Casole d’Elsa. Un concentrato di mala urbanistica toscana (di Paolo Baldeschi)

Ci sono Comuni noti in Italia per la qualità delle loro politiche: ad esempio, Cassinetta di Lugagnano, il Comune zero consumo di suolo o il Comune di Peccioli che detiene il record toscano e forse nazionale per la raccolta differenziata. Anche il Comune di Casole d’Elsa, almeno a livello toscano, ma in concorrenza con le peggiori amministrazioni, rivendica un primato: quello dell’ente locale che nell’arco di dieci anni o poco più ha compiuto il maggior numero di operazioni illegittime: contro la legge di governo del territorio, contro il PIT e il PTC di Siena, contro le normative paesaggistiche e ambientali e perfino contro le disposizioni del vincolo idrologico. Dieci anni di mala urbanistica e mala edilizia, durante i quali la Regione Toscana, nonostante le relazioni dei propri uffici che indicavano la non sanabilità degli abusi promossi dal Comune[1], nonostante gli avvisi di reato (32 fra tecnici e amministratori) e i sequestri della Procura della Repubblica, ha continuato imperturbabile a coprire le malefatte dell’amministrazione e degli speculatori che con questa fanno tutt’uno.

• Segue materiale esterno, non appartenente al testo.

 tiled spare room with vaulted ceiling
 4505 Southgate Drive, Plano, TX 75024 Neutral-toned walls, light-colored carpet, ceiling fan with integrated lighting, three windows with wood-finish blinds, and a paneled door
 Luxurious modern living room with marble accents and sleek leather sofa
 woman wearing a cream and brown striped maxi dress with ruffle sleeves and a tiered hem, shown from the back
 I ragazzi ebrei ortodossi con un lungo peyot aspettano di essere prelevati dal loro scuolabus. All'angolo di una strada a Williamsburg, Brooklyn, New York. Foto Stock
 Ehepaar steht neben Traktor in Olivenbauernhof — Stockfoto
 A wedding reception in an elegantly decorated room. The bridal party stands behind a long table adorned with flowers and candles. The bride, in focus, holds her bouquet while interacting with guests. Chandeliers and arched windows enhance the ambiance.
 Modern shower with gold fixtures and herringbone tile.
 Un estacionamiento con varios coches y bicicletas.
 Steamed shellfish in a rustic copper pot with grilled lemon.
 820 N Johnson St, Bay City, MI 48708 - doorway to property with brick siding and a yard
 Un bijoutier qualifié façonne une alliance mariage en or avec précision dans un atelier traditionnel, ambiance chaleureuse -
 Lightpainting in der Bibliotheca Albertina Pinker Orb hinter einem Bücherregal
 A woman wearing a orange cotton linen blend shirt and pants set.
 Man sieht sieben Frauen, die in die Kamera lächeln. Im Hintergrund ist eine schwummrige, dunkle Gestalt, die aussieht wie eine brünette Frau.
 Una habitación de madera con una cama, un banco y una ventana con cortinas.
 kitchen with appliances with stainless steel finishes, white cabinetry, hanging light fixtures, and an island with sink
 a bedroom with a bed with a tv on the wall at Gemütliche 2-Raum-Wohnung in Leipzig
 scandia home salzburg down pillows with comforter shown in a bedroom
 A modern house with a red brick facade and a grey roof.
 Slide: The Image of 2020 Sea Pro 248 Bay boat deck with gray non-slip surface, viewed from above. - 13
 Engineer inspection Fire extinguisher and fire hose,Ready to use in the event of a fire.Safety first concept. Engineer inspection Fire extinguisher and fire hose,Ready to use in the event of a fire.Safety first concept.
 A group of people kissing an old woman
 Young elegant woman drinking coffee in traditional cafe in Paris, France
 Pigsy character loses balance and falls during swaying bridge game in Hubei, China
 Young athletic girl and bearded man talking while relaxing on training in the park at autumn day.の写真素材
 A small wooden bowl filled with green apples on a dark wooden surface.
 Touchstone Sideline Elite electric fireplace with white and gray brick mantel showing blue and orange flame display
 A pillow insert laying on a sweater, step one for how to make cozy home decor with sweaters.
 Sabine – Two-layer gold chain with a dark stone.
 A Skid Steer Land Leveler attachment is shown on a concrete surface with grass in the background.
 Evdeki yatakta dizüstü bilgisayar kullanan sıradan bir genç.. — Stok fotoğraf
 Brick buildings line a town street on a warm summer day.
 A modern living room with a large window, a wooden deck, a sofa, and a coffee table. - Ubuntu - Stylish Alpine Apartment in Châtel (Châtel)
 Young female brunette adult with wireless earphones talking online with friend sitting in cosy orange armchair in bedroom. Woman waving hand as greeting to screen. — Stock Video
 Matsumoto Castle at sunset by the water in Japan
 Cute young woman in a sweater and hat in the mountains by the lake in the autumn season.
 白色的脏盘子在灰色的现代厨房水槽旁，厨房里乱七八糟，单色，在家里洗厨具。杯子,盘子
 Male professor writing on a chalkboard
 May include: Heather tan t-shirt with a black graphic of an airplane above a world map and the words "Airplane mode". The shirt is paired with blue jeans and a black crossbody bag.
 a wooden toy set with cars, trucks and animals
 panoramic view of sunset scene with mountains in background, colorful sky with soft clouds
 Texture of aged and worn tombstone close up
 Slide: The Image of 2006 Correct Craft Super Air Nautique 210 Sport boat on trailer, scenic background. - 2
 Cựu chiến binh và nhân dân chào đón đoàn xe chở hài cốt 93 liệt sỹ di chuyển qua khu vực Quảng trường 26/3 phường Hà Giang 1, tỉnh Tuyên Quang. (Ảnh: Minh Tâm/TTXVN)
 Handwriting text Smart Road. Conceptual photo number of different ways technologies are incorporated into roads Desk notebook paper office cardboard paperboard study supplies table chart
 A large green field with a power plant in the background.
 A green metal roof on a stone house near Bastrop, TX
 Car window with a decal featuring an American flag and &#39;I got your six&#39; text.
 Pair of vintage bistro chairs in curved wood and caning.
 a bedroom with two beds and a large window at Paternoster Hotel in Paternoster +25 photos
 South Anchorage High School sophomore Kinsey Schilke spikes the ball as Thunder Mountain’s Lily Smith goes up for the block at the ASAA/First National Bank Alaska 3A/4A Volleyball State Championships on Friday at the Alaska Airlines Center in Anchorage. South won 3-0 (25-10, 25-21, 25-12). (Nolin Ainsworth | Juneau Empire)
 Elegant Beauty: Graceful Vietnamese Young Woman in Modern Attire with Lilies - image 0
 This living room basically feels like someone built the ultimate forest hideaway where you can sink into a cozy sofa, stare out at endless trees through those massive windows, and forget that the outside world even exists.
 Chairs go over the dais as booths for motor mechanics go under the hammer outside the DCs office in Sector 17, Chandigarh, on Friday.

La Variante del Piano strutturale, ora adottata, è un suggello che vorrebbe mettere una pezza sulle porcherie pregresse. Il tutto condito con la solita retorica che condiziona lottizzazioni e nuovi usi di suolo al massimo impegno nella tutela del paesaggio.
Il grande protagonista di tutte le vicende è Piero Pii, già vicepresidente del consiglio regionale toscano, in buoni rapporti con Riccardo Conti, ex assessore al territorio e infrastrutture della Regione. Pii è sindaco di Casole d’Elsa, per l’allora Pds, dal 1994 al 2004, mentre nel 2004 come continuatrice del tracciato di mala urbanistica gli succede Valentina Feti (Ds), precedente vicesindaco. Nel frattempo la società Castello di Casole, promotrice di varie iniziative immobiliari e proprietaria di aree nel comune, dà l’incarico a Pii, per 140.000 euro l’anno, di seguire le proprie pratiche urbanistiche ed edilizie presso il Comune. A perfezionare il tutto, nel 2009 Piero Pii si presenta di nuovo alle elezioni, questa volta contro il suo ex partito, a capo di una lista civica appoggiata dal Pdl e, diventato sindaco per una manciata di voti, adotta una Variante al Piano strutturale destinata far scuola su come si aggirino le norme urbanistiche. Una Variante, si è detto, che vorrebbe sanare le precedenti malefatte e compensare i privati ‘penalizzati’ dai sequestri dalla Procura della Repubblica.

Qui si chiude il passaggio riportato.